Just a note of caution. When we hear the words “compliance officer” we tend to think of this the way it is used in the private sector. In that context, a “compliance officer” who does something wrong is an eye-catching, “man bites dog” story. A compliance officer in this context is someone who helps ensure an organization and its people follow the law and act ethically. In government, however, the term is sometimes more tied to an agency’s policing and enforcement activities, and is not an internal compliance & ethics function.
So while there can certainly be real compliance & ethics officers who do wrong, based on the limited description available about this case it does not appear the perpetrator was what we would usually consider to be a “compliance officer.”

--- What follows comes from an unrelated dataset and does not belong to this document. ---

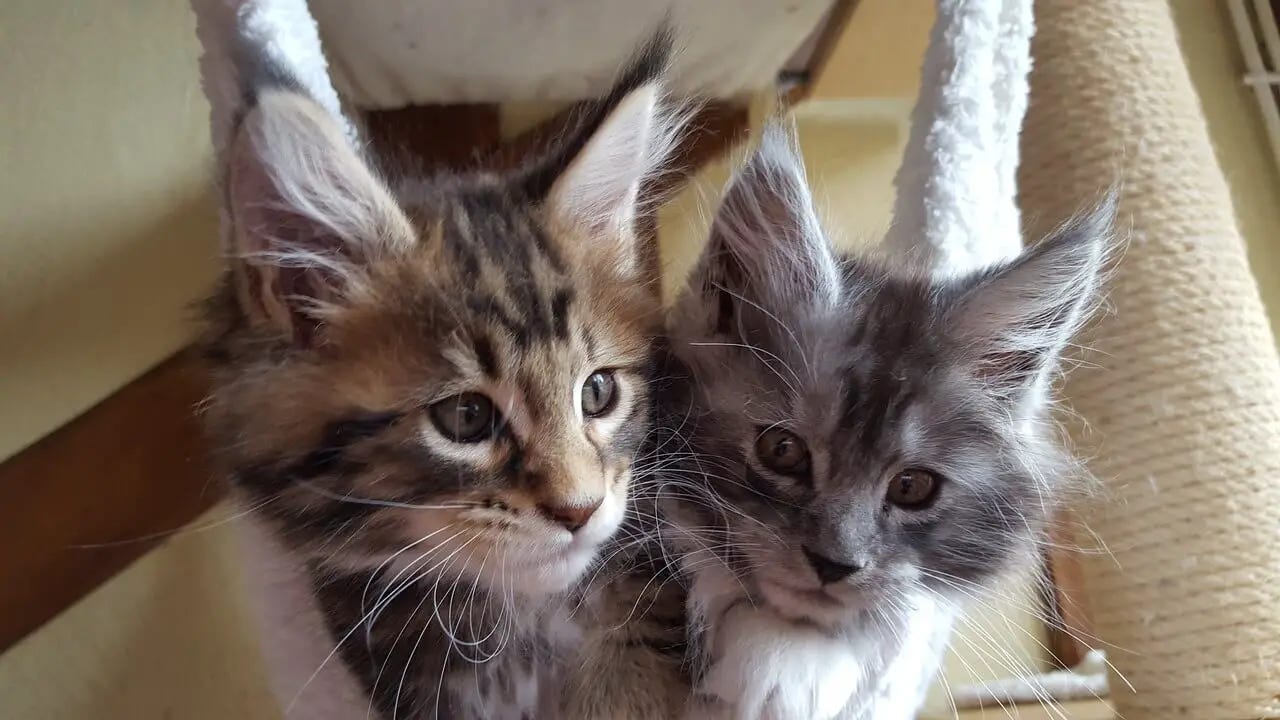 Latest List of 10+ Reputable Maine Coon Breeders in California by Sweet Cute Pets Medium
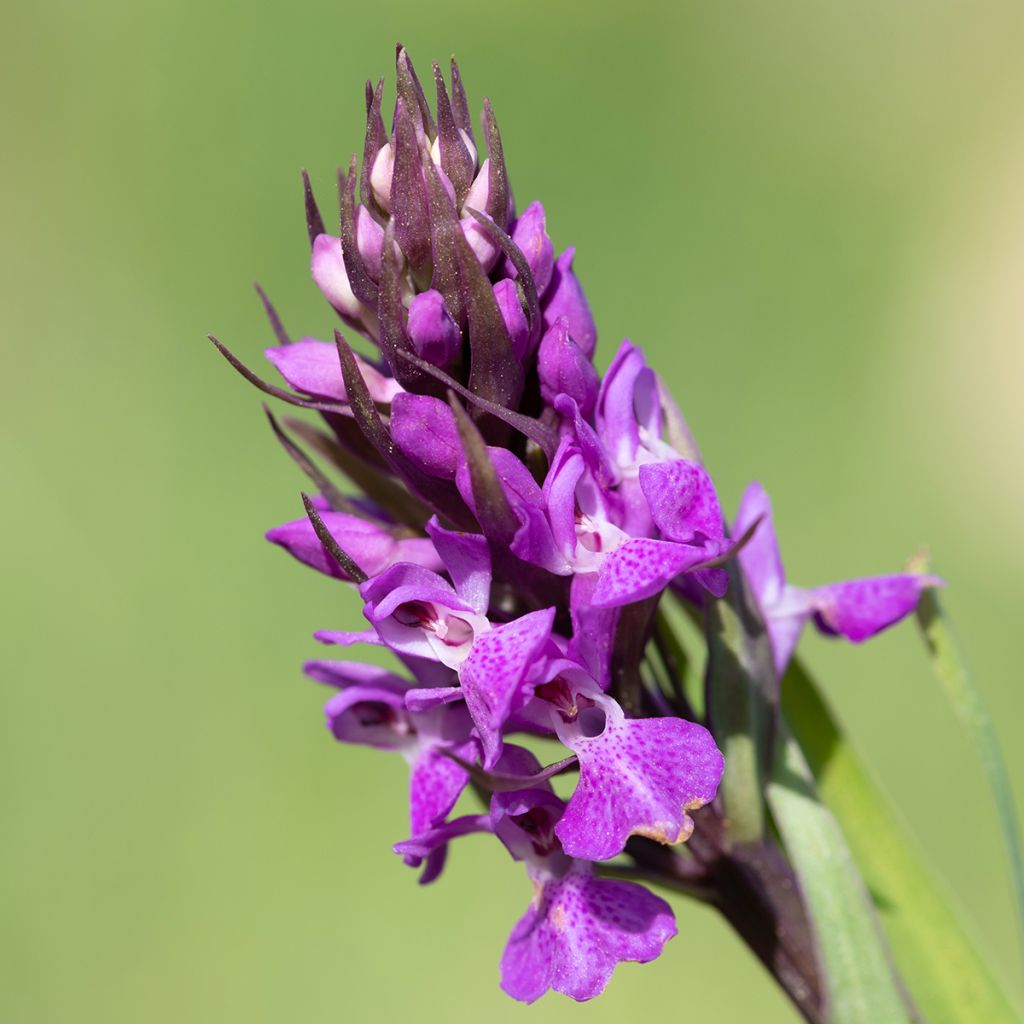 Dactylorhiza praetermissa - Rietorchis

What surprises me most, if you can believe it, was the lack of controls, namely Segregation of Duties by the NLRB. Why would a Compliance Officer be given responsibility for disbursing back pay to victims of discrimination? Compliance Officers should not have or accept operational duties and must not be able to perform any ERP related transactions, save those reserved for most managers such as completing an expense reimbursement request, or requisitioning (ONLY) of supplies, services, and hiring, based on hierarchy of approval limits. Compliance and Internal Audit should Not have any operational or financial duties, as it's their job to provide assurance of effectiveness and integrity in these activities.